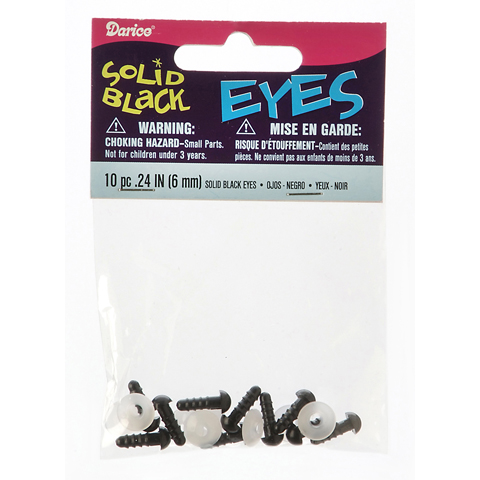 Solid Eyes with Plastic Washers - Black - 6mm - 10 pieces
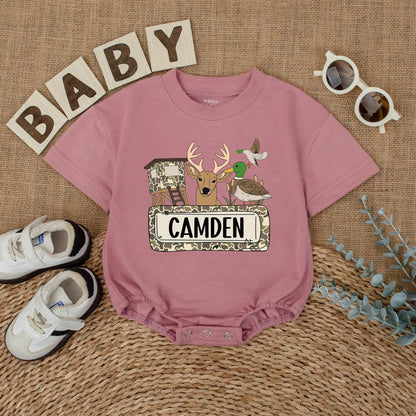 Cartoon Camo Deer & Duck Hunting Season Baby Romper Personalized Camden Gift for Boys Outdoor Adventures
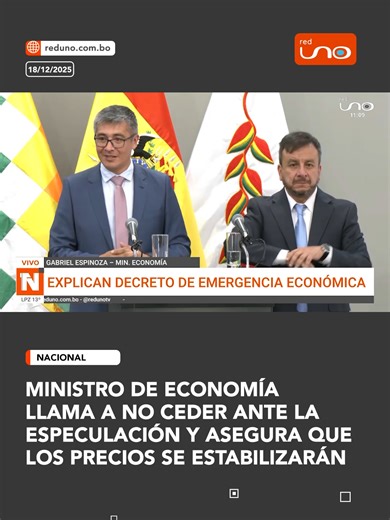 Estabilidad económica: Mensaje del Ministro Gabriel Espinoza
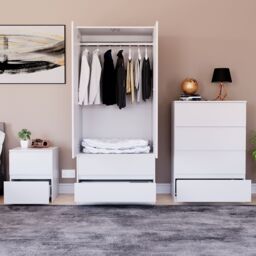 Home Discount Vida Designs Denver Bedroom Set (2 Dr Bedside, 4 Dr Chest, Wardrobe) in White - thumbnail 7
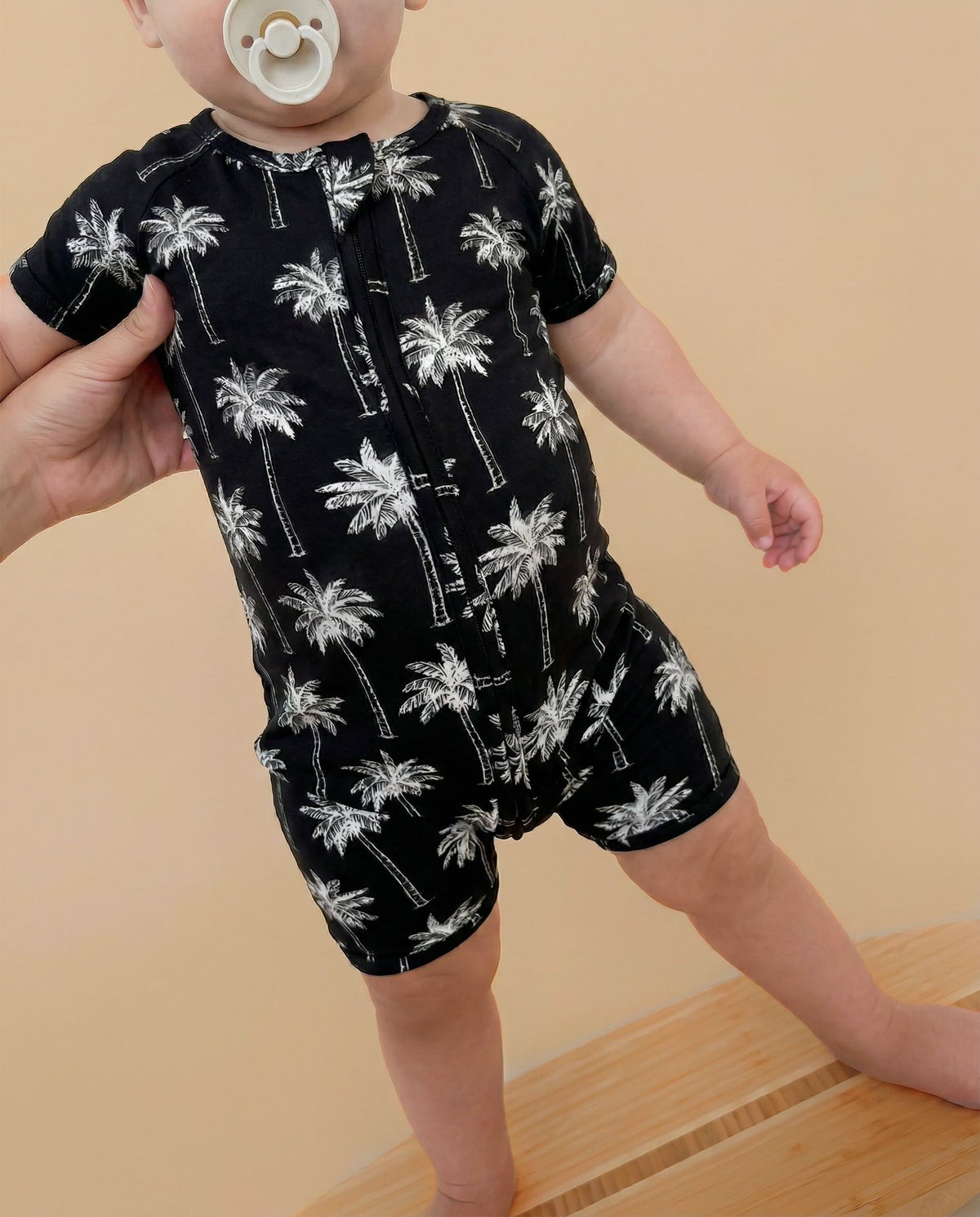 Bamboo Shorty Romper  | Palm Style Black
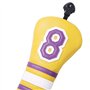 Couvre-club de golf en cuir PU souple jaune numéro 8 pour bois de parcours FW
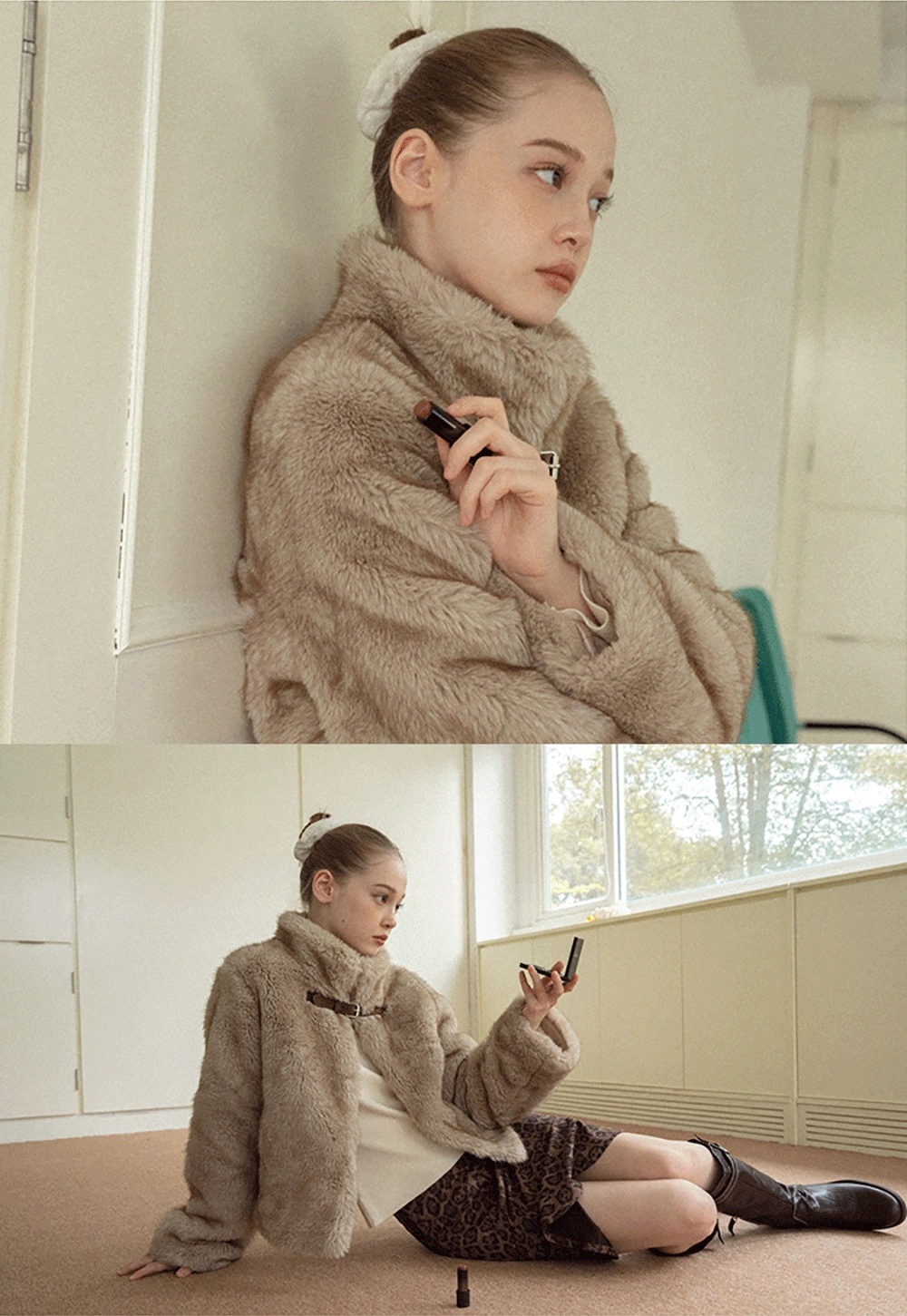 Women Faux Fur Cropped Jacket with Buckle Closure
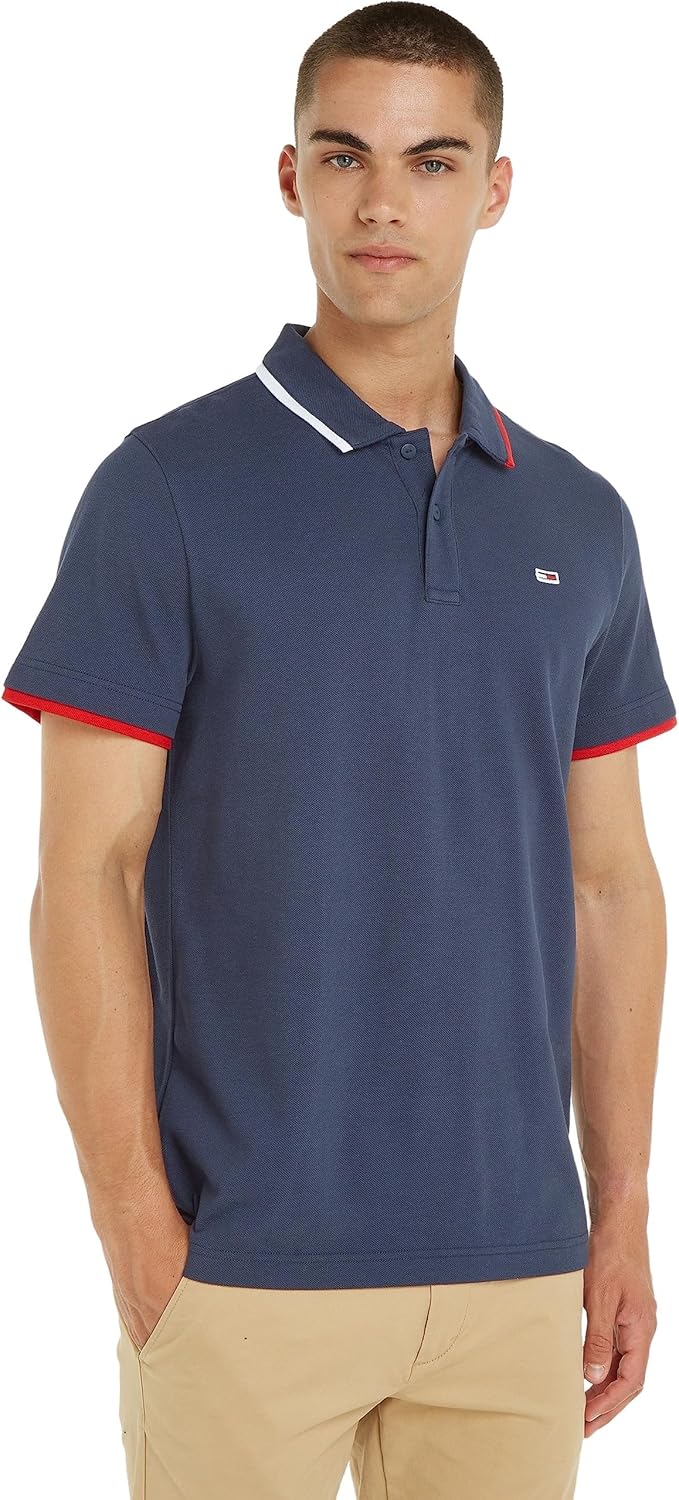 Tommy Jeans Herren TJM Reg Flag Neck Polo Kurzarm Poloshirts, Blau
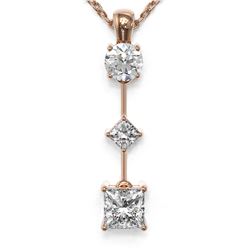 0.9 ctw Princess Cut Diamond Designer Necklace 18K Rose Gold - REF-121K2Y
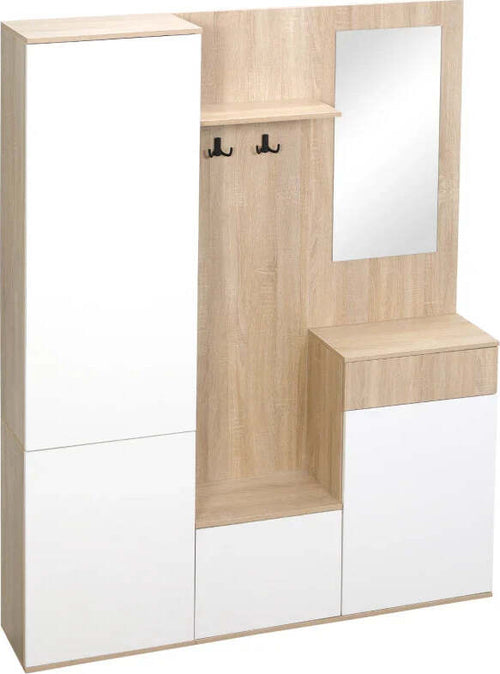 Mobile-da-Ingresso-4-in-1-in-Truciolato-con-Specchio,-Ganci-e-Ripiani-Regolabili-Interni,-145x29x184-cm-HJ6837-256V00WTHJ6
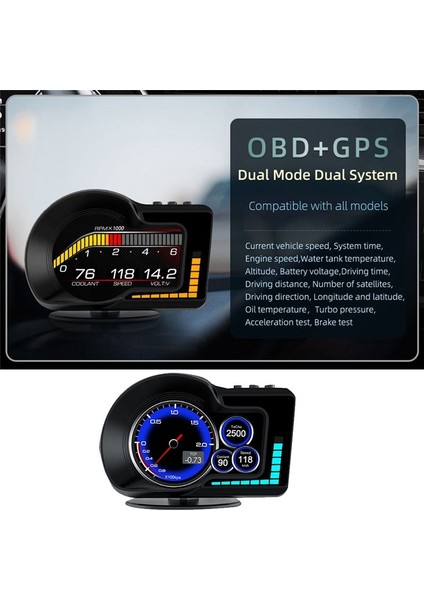 Obd2 Eobd Çok Fonksiyonlu LCD Ekran Obd+Gps Hud Otomatik Bilgisayar Araba Kafası Tüm Araba Için Gerçek Zamanlı Hız Türometresi Ekran (Yurt Dışından) fiyatları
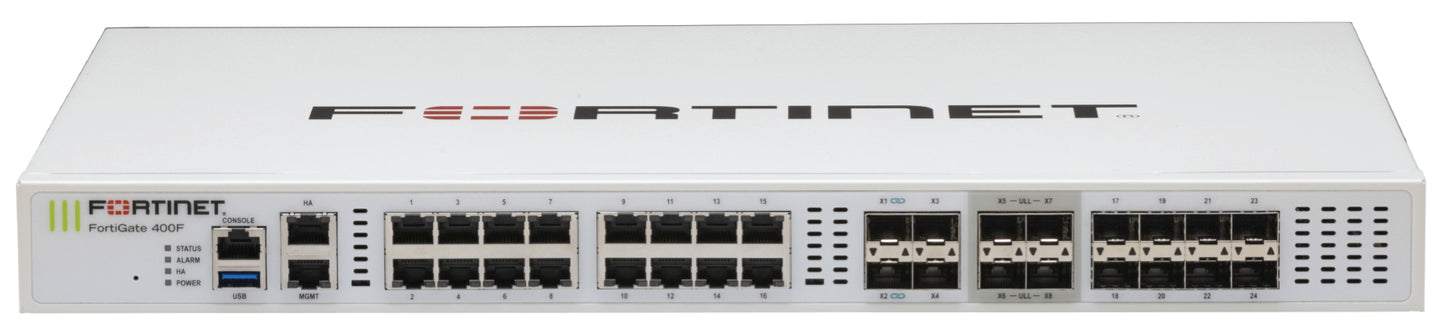 Fortinet FG-400F | 70 Gbps, 18x GE RJ45, 8x 10GE SFP+, SPU NP7, CP9, Dual AC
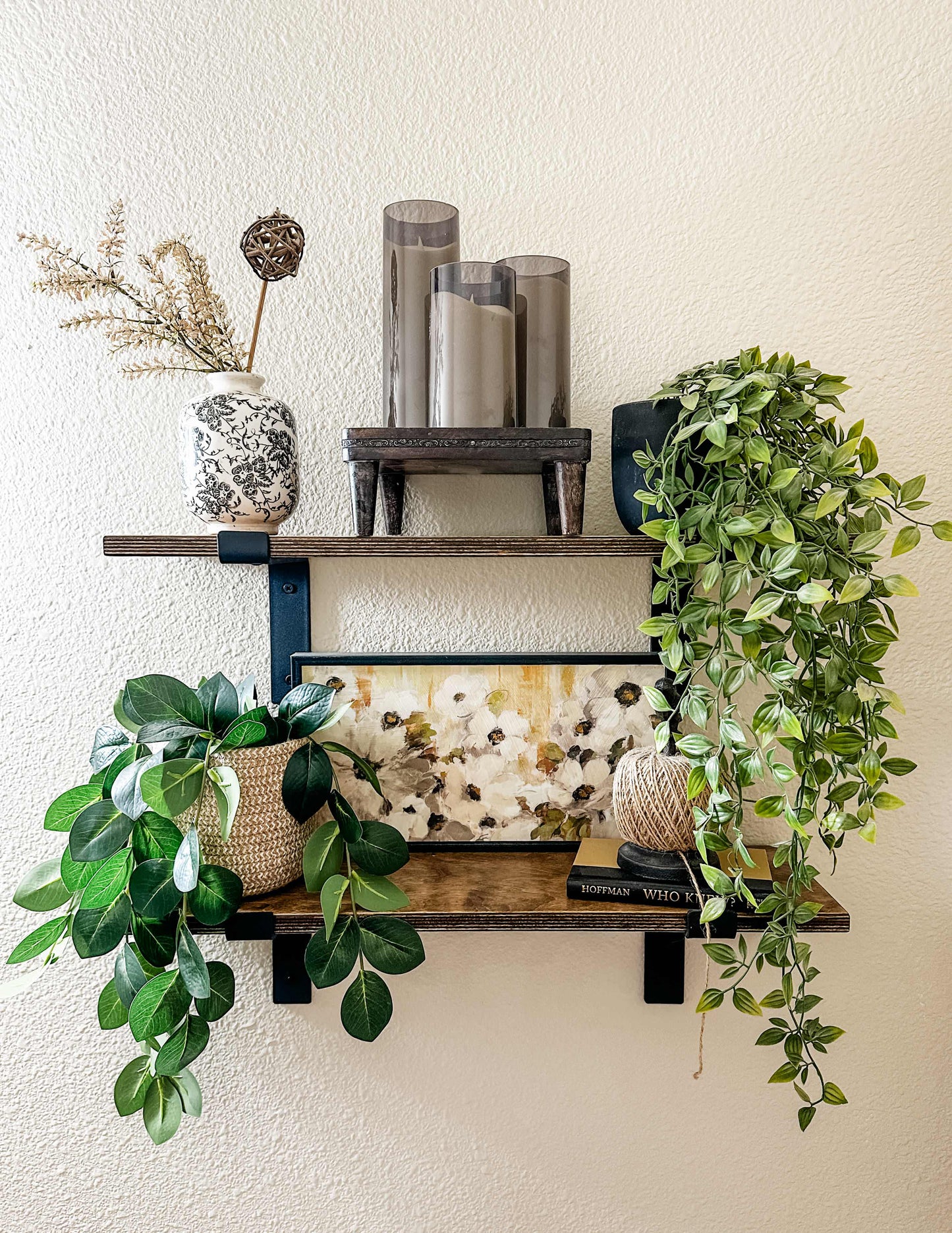 Faux greenery in basket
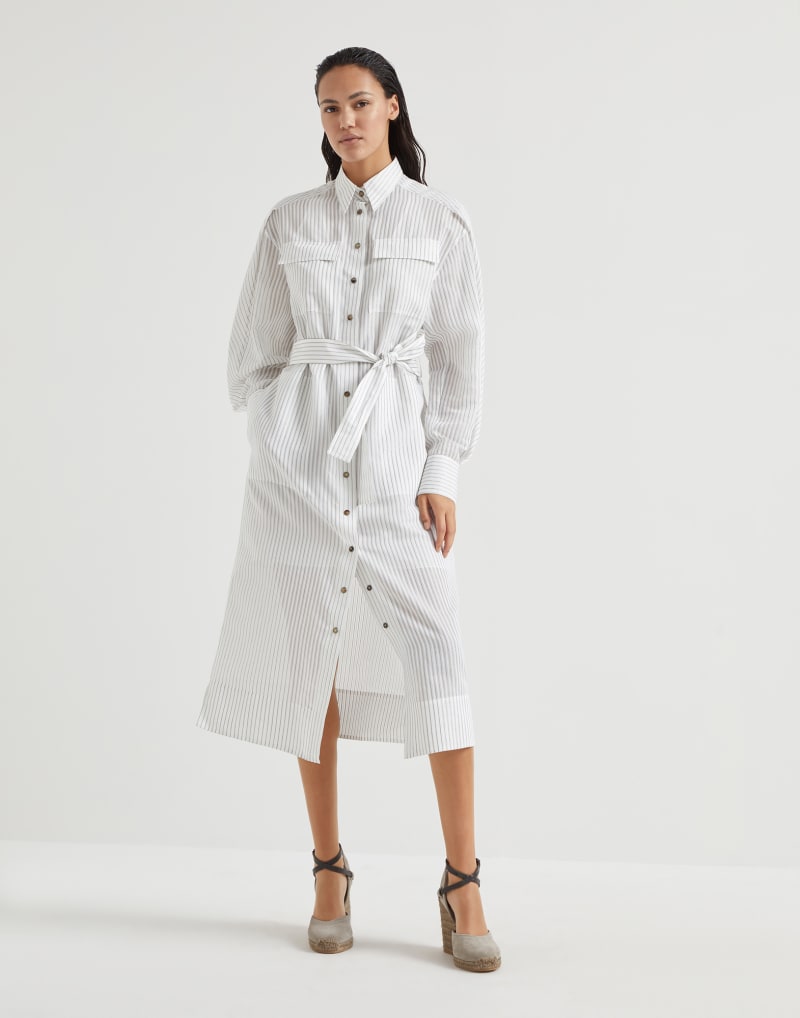 BRUNELLO CUCINELLI WOMEN'S WHITE STRIPED BELTED DRESS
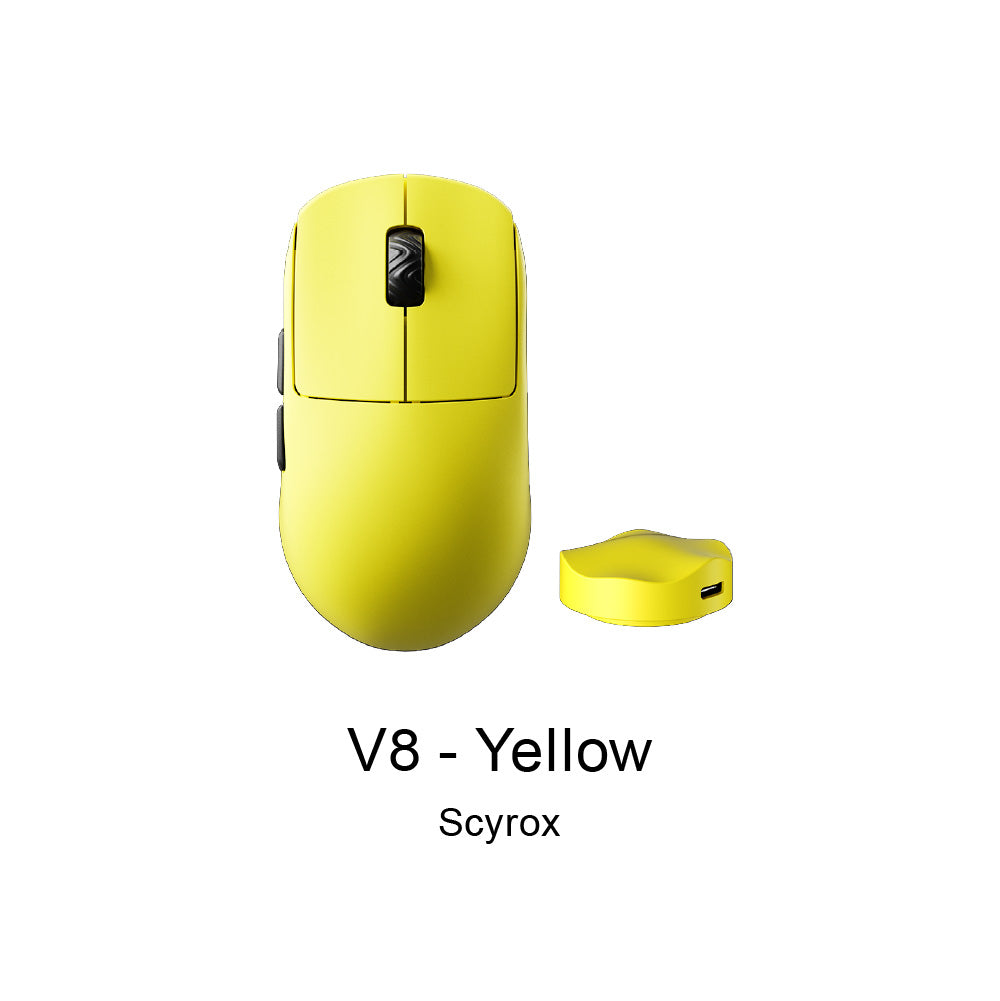 SCYROX V8 Yellow ゲーミングマウス 8000hz 重量36±3g 左右対称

☆ ☆ ☆ ☆

### Task objective
Each line from the top of the records through the one containing "Bamboo Shorty Romper" needs to be transcribed exactly, without pictures.

### Output for this exercise
 Solid Eyes with Plastic Washers - Black - 6mm - 10 pieces
 Cartoon Camo Deer & Duck Hunting Season Baby Romper Personalized Camden Gift for Boys Outdoor Adventures
 Estabilidad económica: Mensaje del Ministro Gabriel Espinoza
 Home Discount Vida Designs Denver Bedroom Set (2 Dr Bedside, 4 Dr Chest, Wardrobe) in White - thumbnail 7
 Bamboo Shorty Romper  | Palm Style Black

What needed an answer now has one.